Monday, April 7, 2014


“Start by doing what’s necessary; then do what’s possible; and suddenly you are doing the impossible.” - St. Francis of Assisi

If you follow me on Twitter, you know that I talk about (and/or RT items of interest pertaining to) Depression weekly if not daily. That's because I struggle with it daily.

I was diagnosed a bit over ten years ago. For much of that time, I was medicated.

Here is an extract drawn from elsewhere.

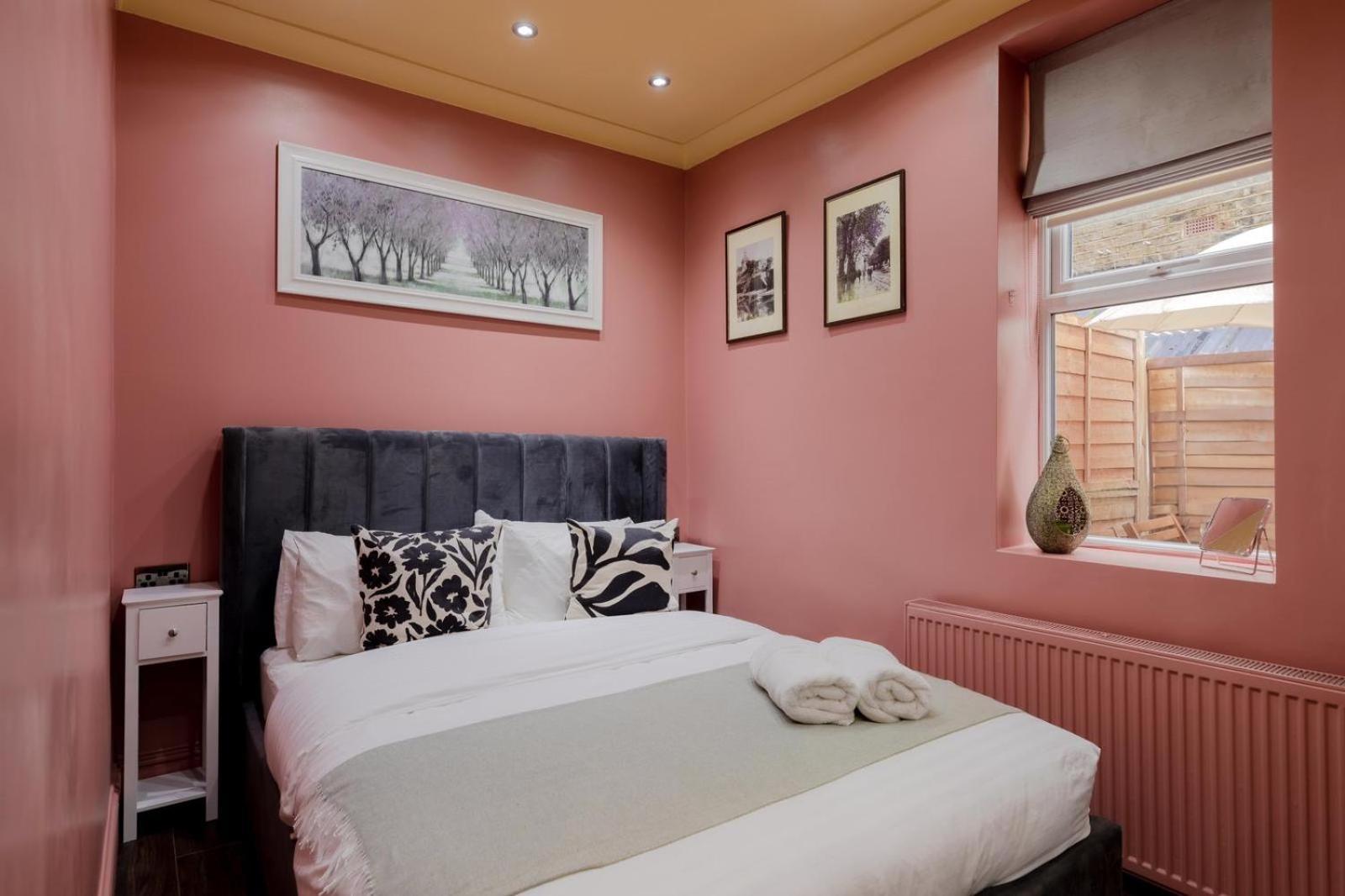 Apartment Stylish 2 Bedrooms Flat Sleeps 6 & Garden Zone 2 Cls London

It helped somewhat, but the side effects were too much to bear. In particular, I could not sleep through the night. My doc ordered a sleep study and found that I had approximately 80 arousals per hour, but I had no apnea.

Because of subsequent events, I learned that my antidepressants were causing the sleep disturbances. [Update (January 20, 2015): The New York Times profiled comedian Maria Bamford a few months ago. I found it interesting that she sleeps ten hours each night. It never occurred to me to schedule in extra hours of sleep so that I'd get enough, and none of my doctors recommended it. They only told me to take my meds at a different time of day (that didn't help), or turn my alarm clock around so I wouldn't realize I'd awakened during the night (WTF??), and take a pill to sleep (Ambien) and a pill to help me wake up (Nuvigil). However, with the number of arousals I experienced during my sleep study, I don't know that 10 hours would've been enough for me, personally. It is something I will try next time I need meds, though.] Now I don't take antidepressants, and I still struggle with Depression and Anxiety daily in one aspect or another.

Since I am intolerant of antidepressants, I have had to seek out other ways to help me feel better. Some people may consider these measure "woo-woo" since they're not pharmaceutical-based or therapy done with the guidance of a psychologist, but none of it is faith healing and crystals.

Here are some of the things I've done and how I think they help:

1. Greatly reduced sugar intake; helps prevent dips in energy that lead to low mood. My GP is on board with this and said that once I cut out sugar, my triglyceride, glucose, and A1C results improved.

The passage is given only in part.